PROBLEM DETAILS: Only the text is wanted; write out each record below exactly and exclude all pictures.

----

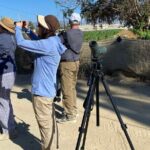 Birding By Sea and Land 4hr. La Paz Mexico - The Logistics: Transportation, Timing, and Group Size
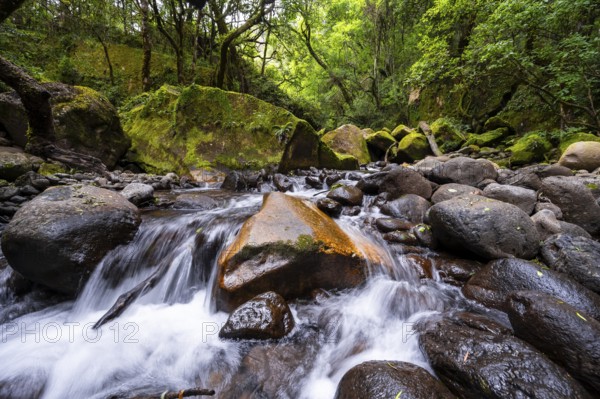 Mhlwazini River flows through thick forest, original mountain forest, Rainbow Gorge,
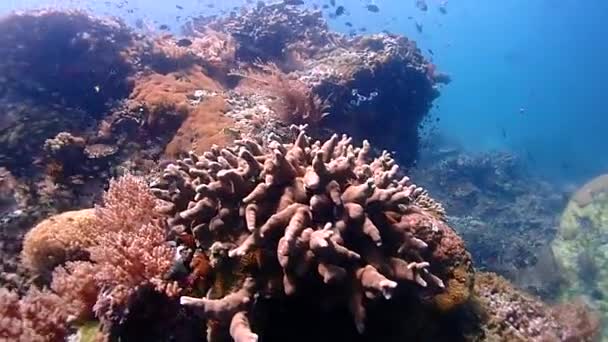 许多生活在珊瑚礁上的小玻璃鱼和珊瑚礁鱼 在珊瑚周围拍摄的相机 — 图库视频影像
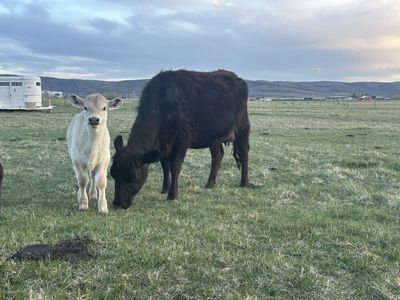 Angus/Charolais Mix Cow-Calf Pair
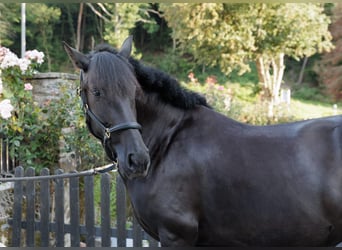 PRE Mix, Stute, 6 Jahre, 158 cm, Rappe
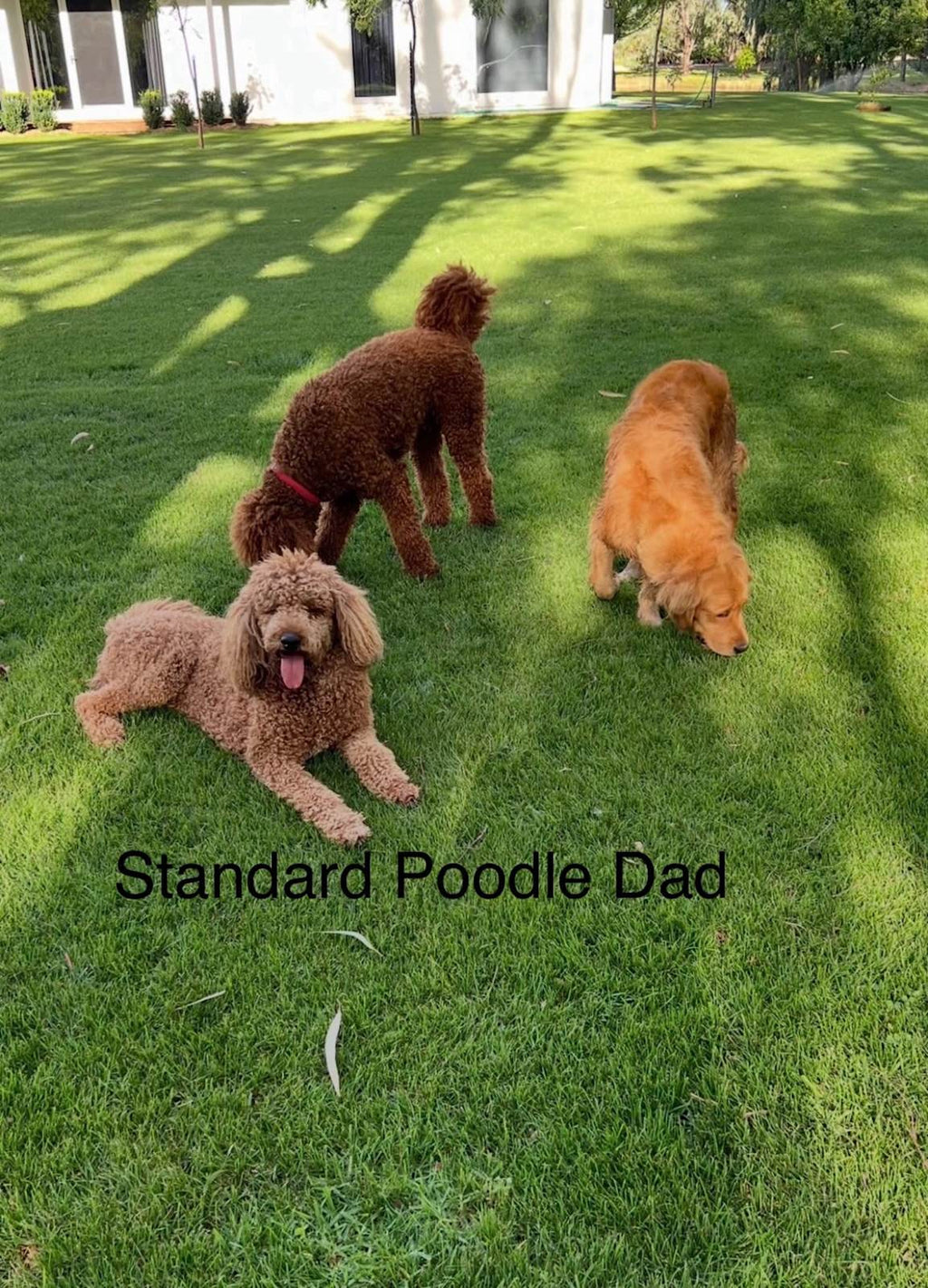 🐾 Gorgeous Groodle F1 Puppies – 🐶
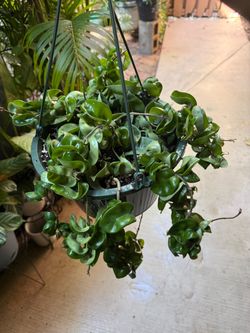 Hoya Indu rope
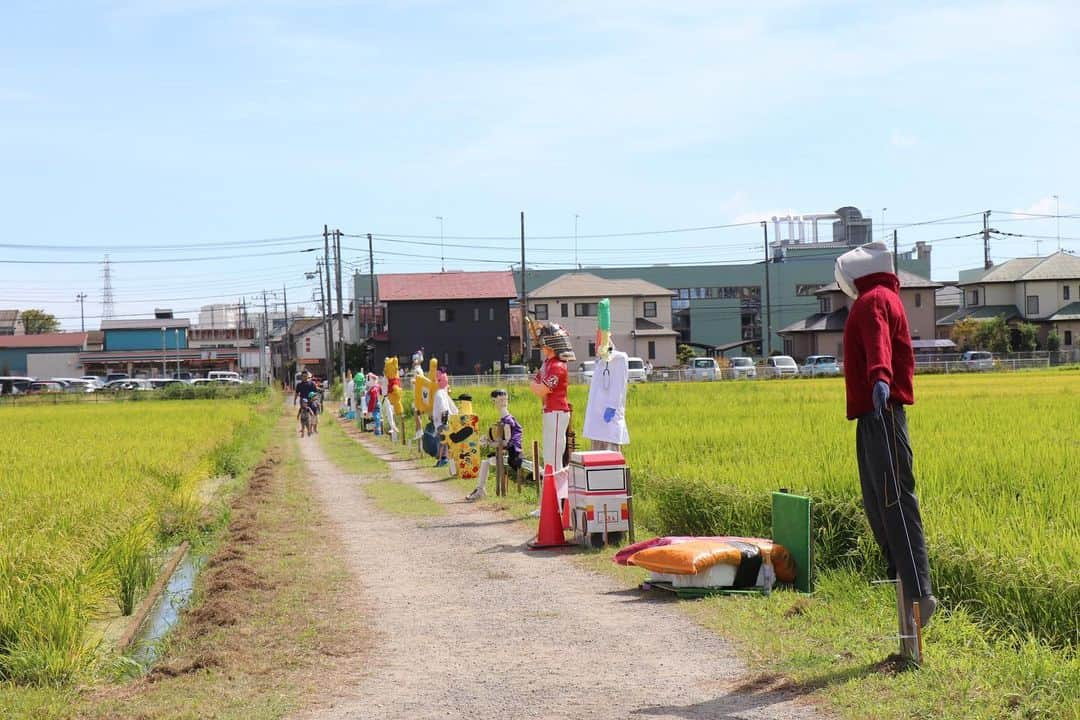 海老名市のインスタグラム：「中新田地区の田んぼで「第31回中新田かかしまつり」が開催されています。 アイデア溢れるかかしを、ぜひ見に来てくださいね✨  【展示場所】中新田コミセン北側の田んぼ 【展示期間】９月17日（日）12時まで  📷 #好きです海老名 写真募集に、ぜひご応募ください！ 詳しくは、@ebina_officialのプロフィールより、公式サイトをご覧ください。 ご応募、お待ちしています！  #好きです海老名 #住みたい住み続けたいまち海老名 #海老名 #神奈川 #ebina #写真募集 #写真 #募集 #秋 #中新田 #かかし #かかしまつり #田んぼの風景」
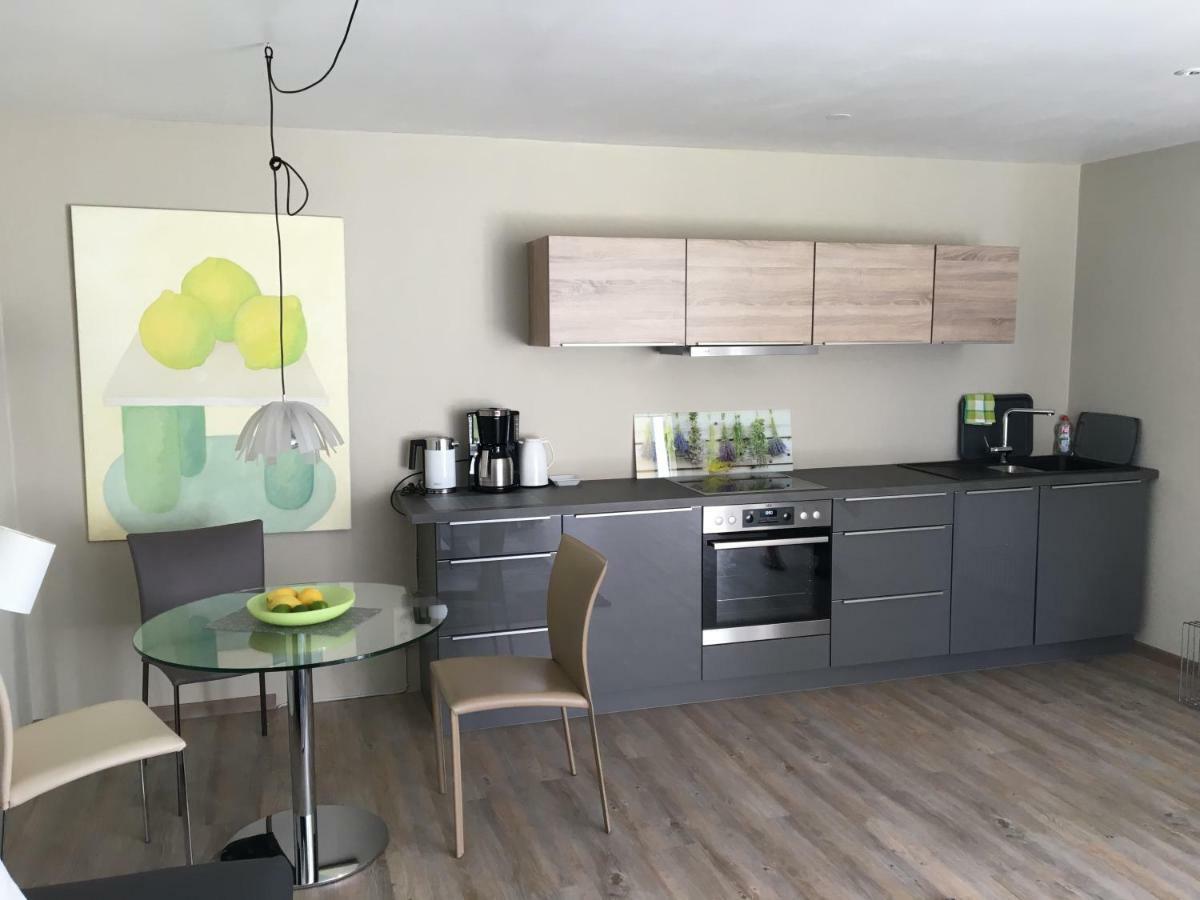 Bodenseeapartments Kunst & Design اممنستاد ام بودينسي المظهر الخارجي الصورة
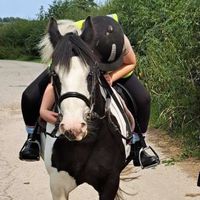 slwequestrian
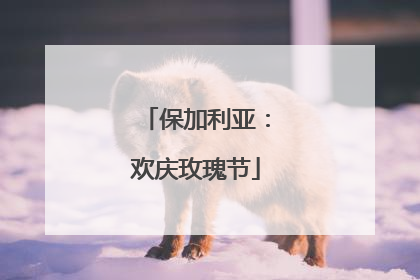 保加利亚：欢庆玫瑰节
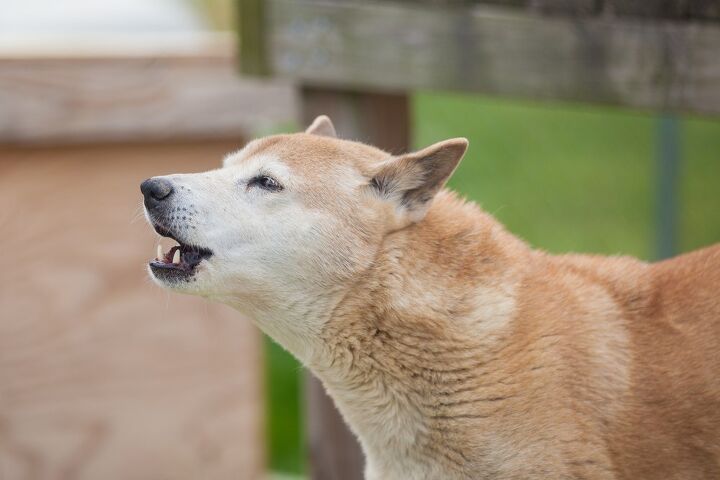 new guinea singing dog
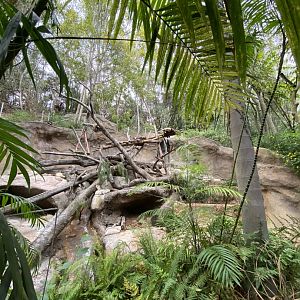 Sun Bear Habitat - Sun Bear Forest
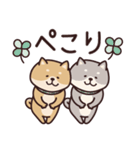 しばいぬ♡黒しば・毎日使う（個別スタンプ：3）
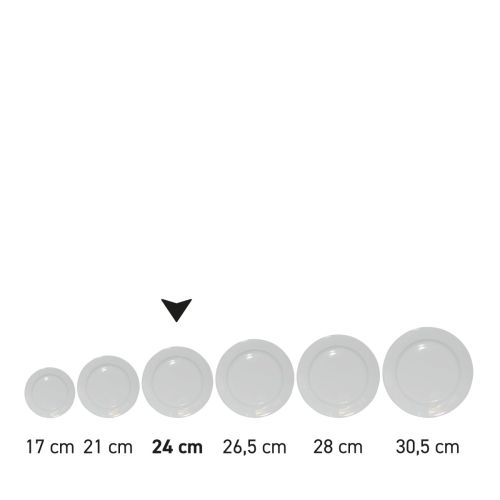 Reeks borden porselein in serie getoond met focus op grootte.
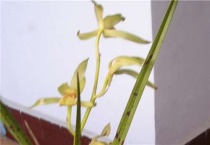 惠兰花怎么养殖方法和注意事项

----

EXERCISE OUTPUT:
 Birding By Sea and Land 4hr. La Paz Mexico - The Logistics: Transportation, Timing, and Group Size
 Mhlwazini River flows through thick forest, original mountain forest, Rainbow Gorge,
 许多生活在珊瑚礁上的小玻璃鱼和珊瑚礁鱼 在珊瑚周围拍摄的相机 — 图库视频影像
 Angus/Charolais Mix Cow-Calf Pair
 PRE Mix, Stute, 6 Jahre, 158 cm, Rappe
 🐾 Gorgeous Groodle F1 Puppies – 🐶
 Hoya Indu rope
 海老名市のインスタグラム：「中新田地区の田んぼで「第31回中新田かかしまつり」が開催されています。 アイデア溢れるかかしを、ぜひ見に来てくださいね✨  【展示場所】中新田コミセン北側の田んぼ 【展示期間】９月17日（日）12時まで  📷 #好きです海老名 写真募集に、ぜひご応募ください！ 詳しくは、@ebina_officialのプロフィールより、公式サイトをご覧ください。 ご応募、お待ちしています！  #好きです海老名 #住みたい住み続けたいまち海老名 #海老名 #神奈川 #ebina #写真募集 #写真 #募集 #秋 #中新田 #かかし #かかしまつり #田んぼの風景」
 Bodenseeapartments Kunst & Design اممنستاد ام بودينسي المظهر الخارجي الصورة
 slwequestrian
 保加利亚：欢庆玫瑰节
 new guinea singing dog
 Sun Bear Habitat - Sun Bear Forest
 しばいぬ♡黒しば・毎日使う（個別スタンプ：3）
 Reeks borden porselein in serie getoond met focus op grootte.
 惠兰花怎么养殖方法和注意事项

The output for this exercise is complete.